Wink mit dem Zaunpfahl für Joachim Löw? Rafinha vom FC Bayern steht kurz vor der Einbürgerung. Während der Zug für Brasilien abgefahren ist, hätte der DFB eine Chance.

Rafinha vom FC Bayern München hat sich interessiert über eine mögliche Berufung in die deutsche Nationalmannschaft geäußert.

"Warum nicht? Schauen wir, was dann geht. Ich würde mich freuen", sagte der 30-Jährige dem Kicker. Der Brasilianer legt noch in diesem Monat den Einbürgerungstest für eine deutsche Staatsbürgerschaft ab.

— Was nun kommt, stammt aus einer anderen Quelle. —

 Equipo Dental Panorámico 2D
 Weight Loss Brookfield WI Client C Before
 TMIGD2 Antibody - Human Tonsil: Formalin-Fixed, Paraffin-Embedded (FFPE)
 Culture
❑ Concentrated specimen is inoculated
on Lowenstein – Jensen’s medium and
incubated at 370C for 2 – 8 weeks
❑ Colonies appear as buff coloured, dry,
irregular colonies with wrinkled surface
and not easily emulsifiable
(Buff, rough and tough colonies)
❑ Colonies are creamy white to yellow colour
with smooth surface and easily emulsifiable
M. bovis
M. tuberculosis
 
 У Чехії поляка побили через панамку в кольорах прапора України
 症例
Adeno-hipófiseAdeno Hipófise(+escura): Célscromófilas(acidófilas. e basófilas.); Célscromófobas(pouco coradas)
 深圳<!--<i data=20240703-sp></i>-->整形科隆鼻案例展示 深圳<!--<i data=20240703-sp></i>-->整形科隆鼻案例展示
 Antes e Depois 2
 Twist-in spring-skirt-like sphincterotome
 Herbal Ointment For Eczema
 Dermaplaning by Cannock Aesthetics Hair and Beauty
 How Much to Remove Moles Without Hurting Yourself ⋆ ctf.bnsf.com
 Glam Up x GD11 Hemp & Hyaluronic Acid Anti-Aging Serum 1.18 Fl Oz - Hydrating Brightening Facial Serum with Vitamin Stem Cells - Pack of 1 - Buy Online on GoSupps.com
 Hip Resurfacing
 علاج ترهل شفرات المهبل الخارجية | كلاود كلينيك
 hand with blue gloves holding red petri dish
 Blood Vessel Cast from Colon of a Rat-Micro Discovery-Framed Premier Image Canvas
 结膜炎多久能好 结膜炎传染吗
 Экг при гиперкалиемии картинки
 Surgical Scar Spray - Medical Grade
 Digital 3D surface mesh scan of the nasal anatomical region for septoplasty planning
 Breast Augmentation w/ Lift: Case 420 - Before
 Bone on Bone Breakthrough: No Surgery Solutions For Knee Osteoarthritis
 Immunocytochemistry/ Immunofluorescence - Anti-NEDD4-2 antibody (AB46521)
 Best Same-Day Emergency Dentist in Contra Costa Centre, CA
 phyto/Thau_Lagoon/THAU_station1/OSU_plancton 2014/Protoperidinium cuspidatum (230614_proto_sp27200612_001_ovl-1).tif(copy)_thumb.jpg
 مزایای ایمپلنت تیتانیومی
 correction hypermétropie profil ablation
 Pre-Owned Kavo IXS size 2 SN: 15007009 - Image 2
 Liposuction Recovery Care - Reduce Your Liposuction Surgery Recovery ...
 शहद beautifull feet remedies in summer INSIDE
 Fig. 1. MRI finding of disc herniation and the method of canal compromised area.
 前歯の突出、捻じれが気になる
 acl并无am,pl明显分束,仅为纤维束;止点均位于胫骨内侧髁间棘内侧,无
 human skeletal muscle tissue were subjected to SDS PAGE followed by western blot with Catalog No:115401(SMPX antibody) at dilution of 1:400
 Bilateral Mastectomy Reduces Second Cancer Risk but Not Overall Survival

Er betonte allerdings, diese nicht wegen möglichen Ambitionen für das DFB-Team anzustreben: "Nein. Ich möchte den Pass, weil es gut für meine Zukunft ist. Aber wenn ich meinen Pass habe, dann schauen wir mal, was passiert."

Rafinha wolle auch nach dem Ende seiner Fußballerkarriere in Deutschland bleiben. Die Avancen des brasilianischen Nationaltrainers Carlos Dunga lassen den Außenverteidiger hingegen kalt.

"Ich war immer bereit. Aber jetzt bin ich 30. Wäre ich auf meiner Position die erste oder zweite Wahl, hätte ich zugesagt. Aber jetzt bin ich nur Dungas vierte Wahl", so Rafinha: "Deshalb konzentriere ich mich lieber auf Bayern und will hier einen super Job machen."